Son projet ? Former, en six mois, entre « 50 et 100 jeunes » (sans diplôme mais avec de la tchatche) des cités des Bosquets et du Chêne-Pointu au métier de démarcheur financier. Les stagiaires porteront ensuite le costume de conseiller patrimonial, chargé de vendre des produits d’épargne populaire « à des gens qui leur ressemblent ». Autrement dit, faire fructifier un bas de laine qui s’échappe, entre autres, « au bled ». « Quand les mômes rentreront dans leur HLM avec la cravate, ils seront fiers et leurs mères seront heureuses ! », sourit Rodolphe Pedro, à la fois « boss » et « grand frère ».

« Moi, je regarde le bonhomme, pas le CV »
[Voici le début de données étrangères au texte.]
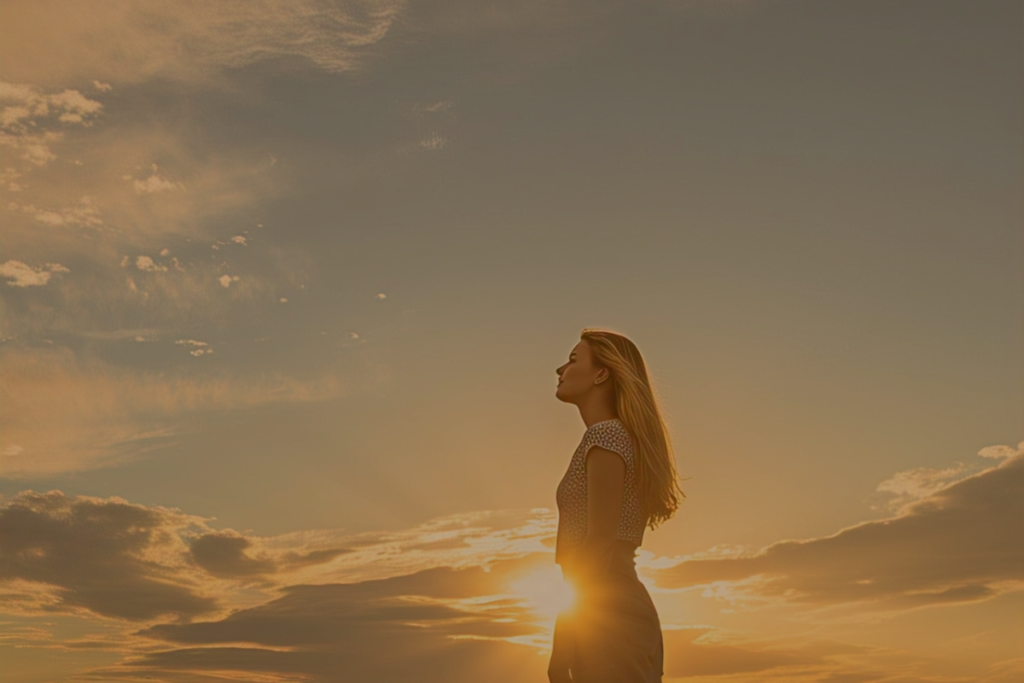 Pessoa relaxando ao entardecer, simbolizando paz antes de dormir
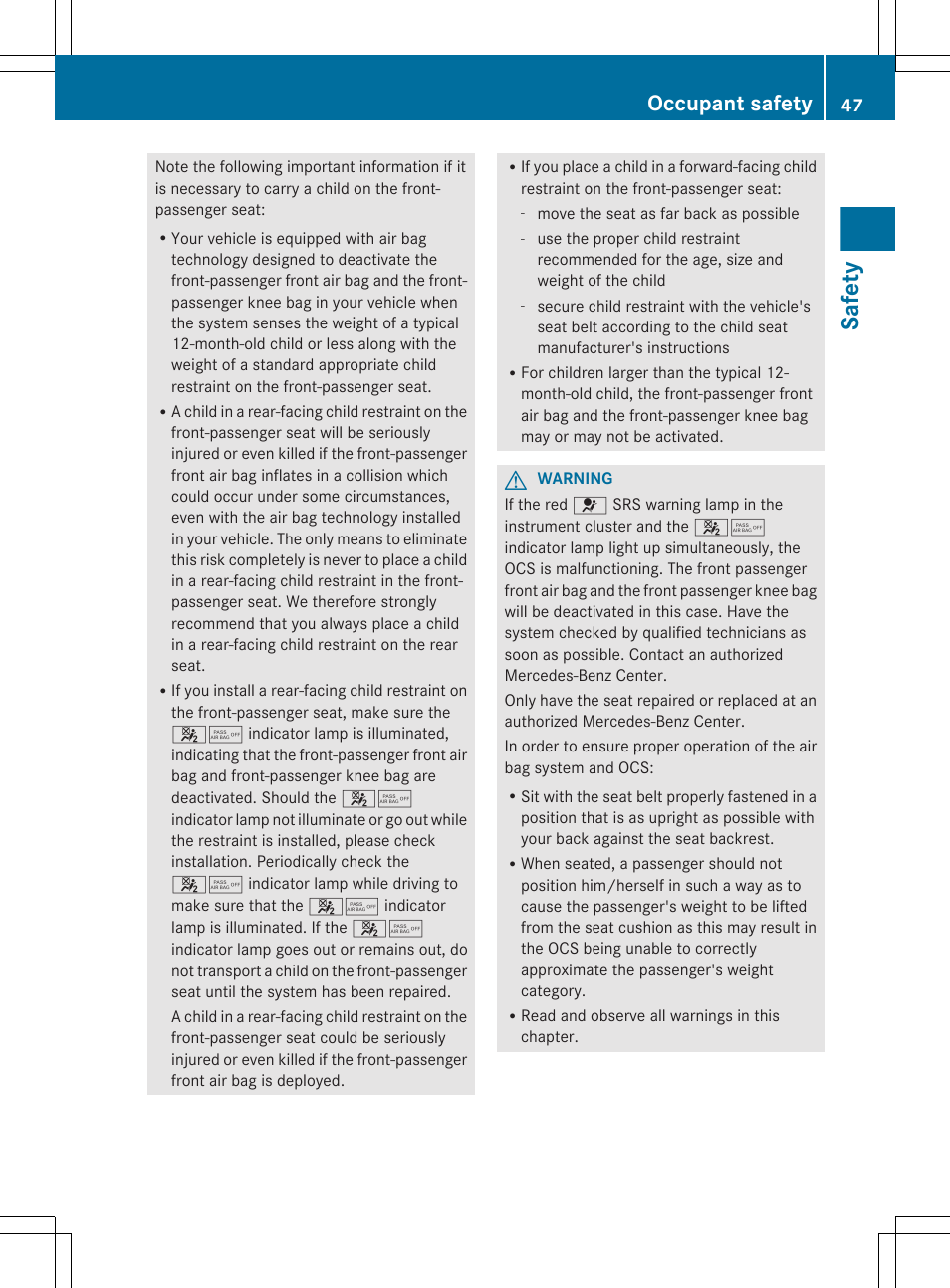 Safety, Occupant safety | Mercedes-Benz CLS-Class 2013 Owners Manual User Manual | Page 49 / 376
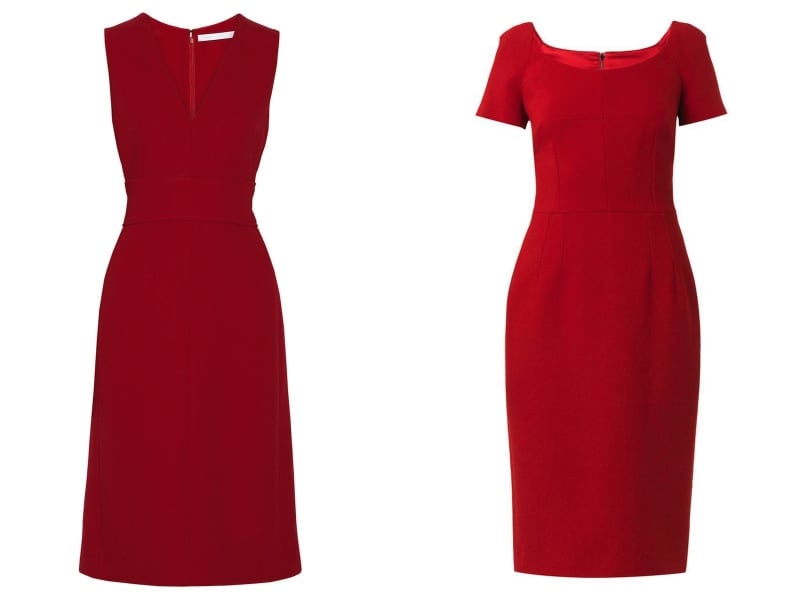 左から、VICTORIA BECKHAM／ウール膝丈ワンピース、DOLCE & GABBANA／ウール膝丈ワンピース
Pour concrétiser son idée, il avait d’abord sollicité l’année dernière Laurent Wauquiez, secrétaire d’Etat à l’Emploi, et Bernard Laporte, alors en charge de la Jeunesse. « Ils m’ont juste fait des promesses. Comme les pouvoirs publics traînaient la patte, je suis allé voir les fonds privés », explique-t-il. C’est vers l’Institut Montaigne, un cercle de réflexion piloté par Claude Bébéar, président d’honneur d’Axa et chantre de la diversité, qu’il s’est tourné. Bingo ! « On peut espérer une ouverture en octobre-novembre », pense Daniel Laurent, directeur des études de l’Institut Montaigne. Le Cnam (Conservatoire national des arts et métiers), mais aussi les missions locales de Clichy et de Montfermeil ont également été associés au projet.
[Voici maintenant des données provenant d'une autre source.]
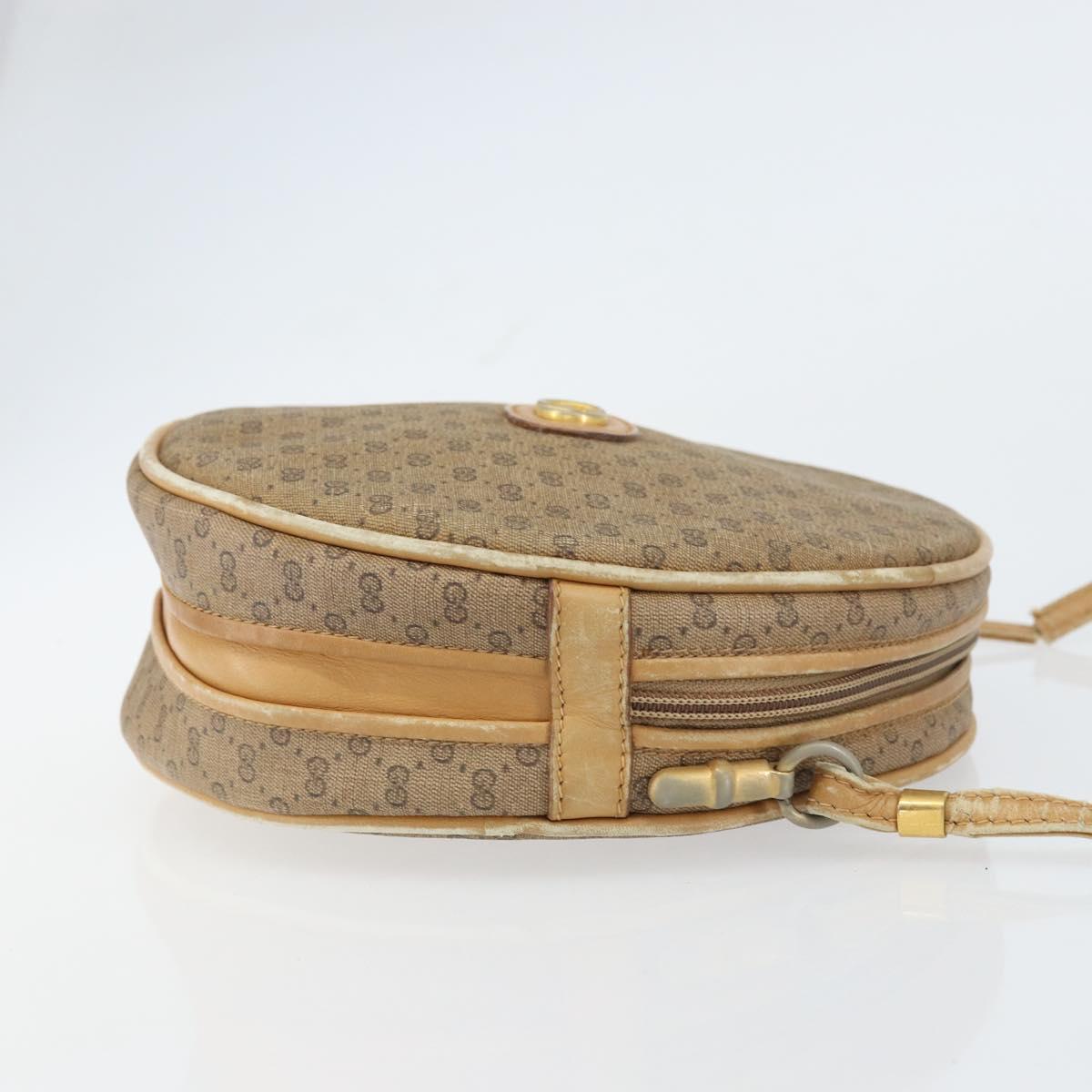 GUCCI Micro GG Supreme Shoulder Bag PVC Beige Gold Auth 156909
Le profil des candidats ? « Des jeunes prêts à se lever tôt, qui ont de l’ambition et de l’envie, qu’importent leur adresse et leur accent. Moi, je regarde le bonhomme, pas le CV. Mais attention, je n’ai pas de vaccin contre la fainéantise », prévient-il. « L’université de la finance », d’abord lancée dans le « 9-3 », est une « école nomade », amenée à s’installer dans d’autres cités de France. « On peut s’installer partout où il y a un bout de bureau », estime Rodolphe Pedro.